WORK REQUEST: No pictures, please: print exactly the lines from the one that contains "Aria-Collins live cam on BongaCams" through the last line of the listing.

SUPPLIED MATERIAL section start

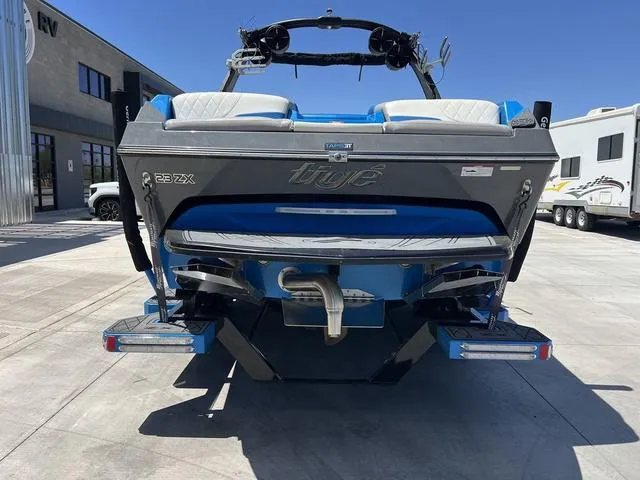 Slide: The Image of Tigé 23ZX 2020 - 7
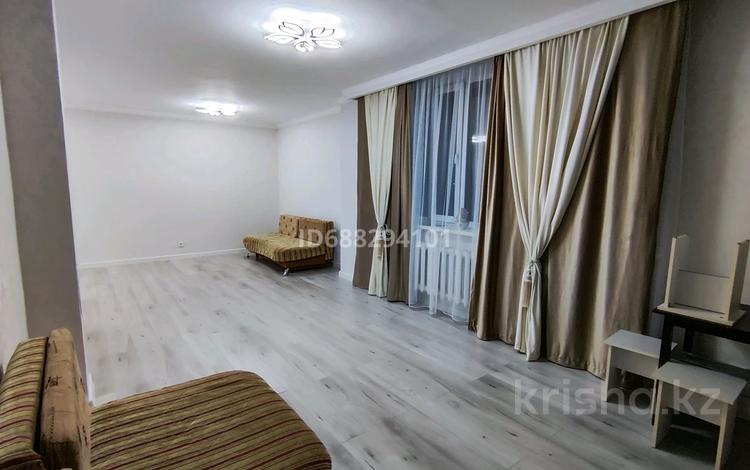 1-комнатная квартира, 55 м², 3/14 этаж помесячно, Алматы 13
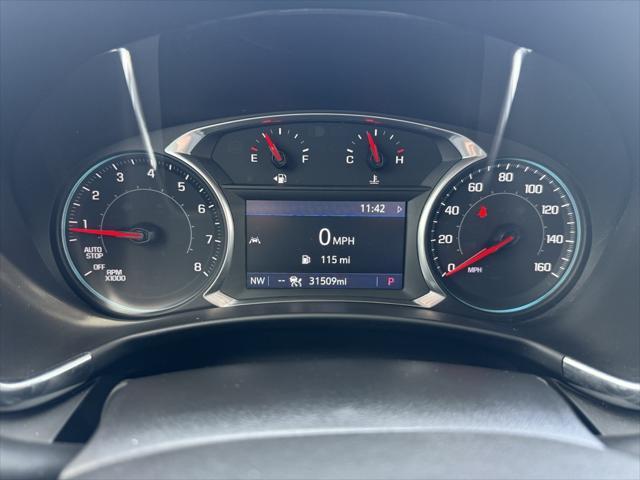 Photo of 2021 Pacific Blue Metallic Chevrolet Equinox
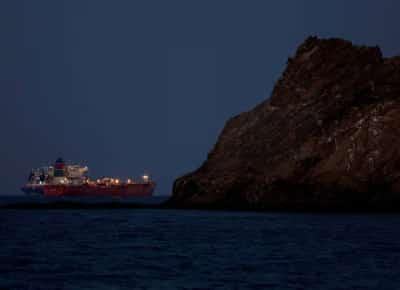 ארבעים ושמונה שעות לאולטימטום: טראמפ מאיים להשמיד את תשתיות האנרגיה של איראן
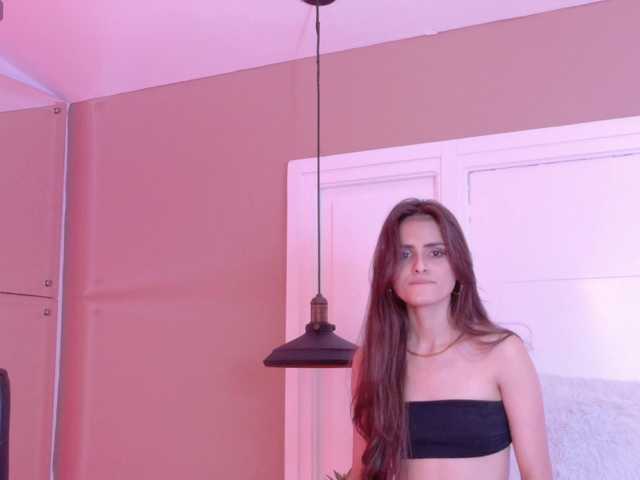 Aria-Collins live cam on BongaCams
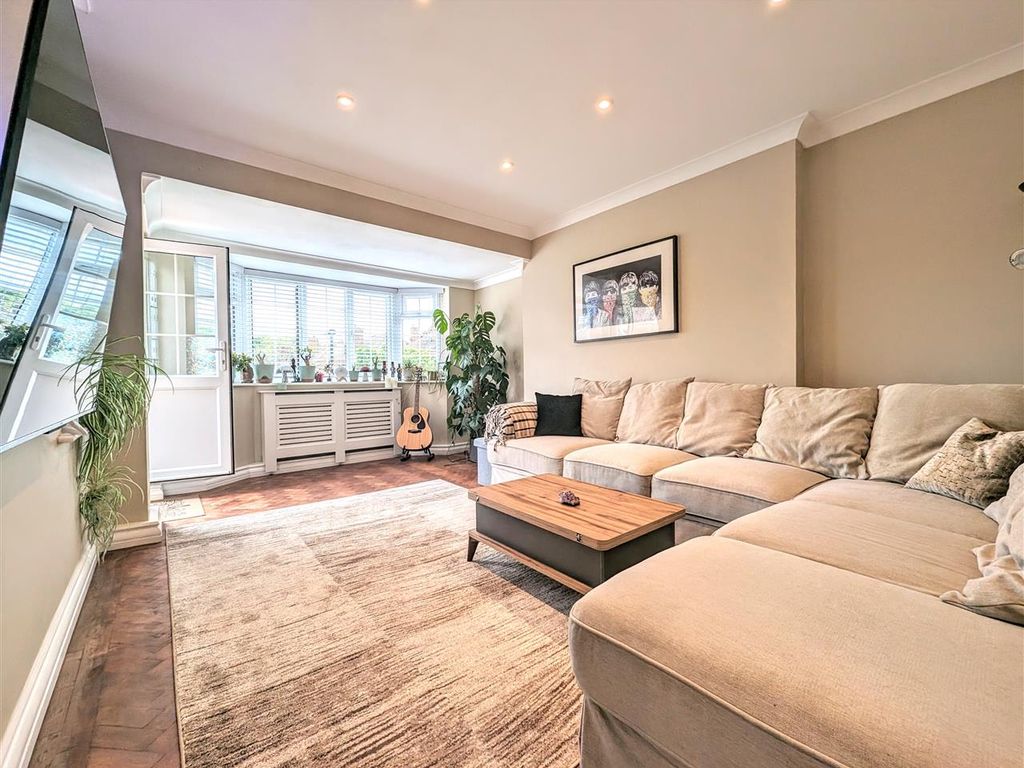 2 bed to rent in Close, Ham, Richmond TW10, £2,500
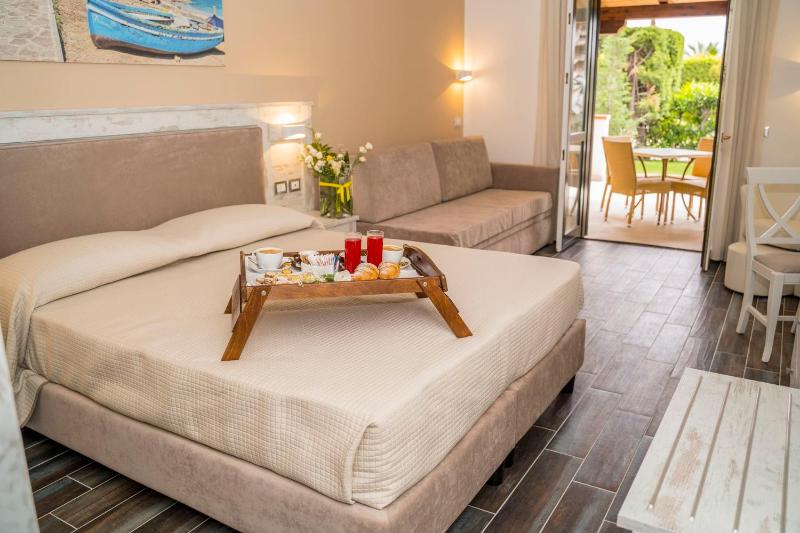 Superior Triple Room image 1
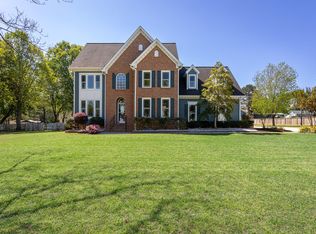 3905 Autumn Creek Dr, Fuquay Varina, NC 27526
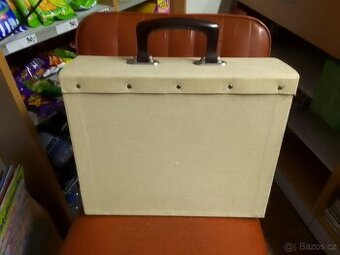 Prodám starý retro kufřík - 1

SUPPLIED MATERIAL section end

PROBLEM SOLUTION:
 Aria-Collins live cam on BongaCams
 2 bed to rent in Close, Ham, Richmond TW10, £2,500
 Superior Triple Room image 1
 3905 Autumn Creek Dr, Fuquay Varina, NC 27526
 Prodám starý retro kufřík - 1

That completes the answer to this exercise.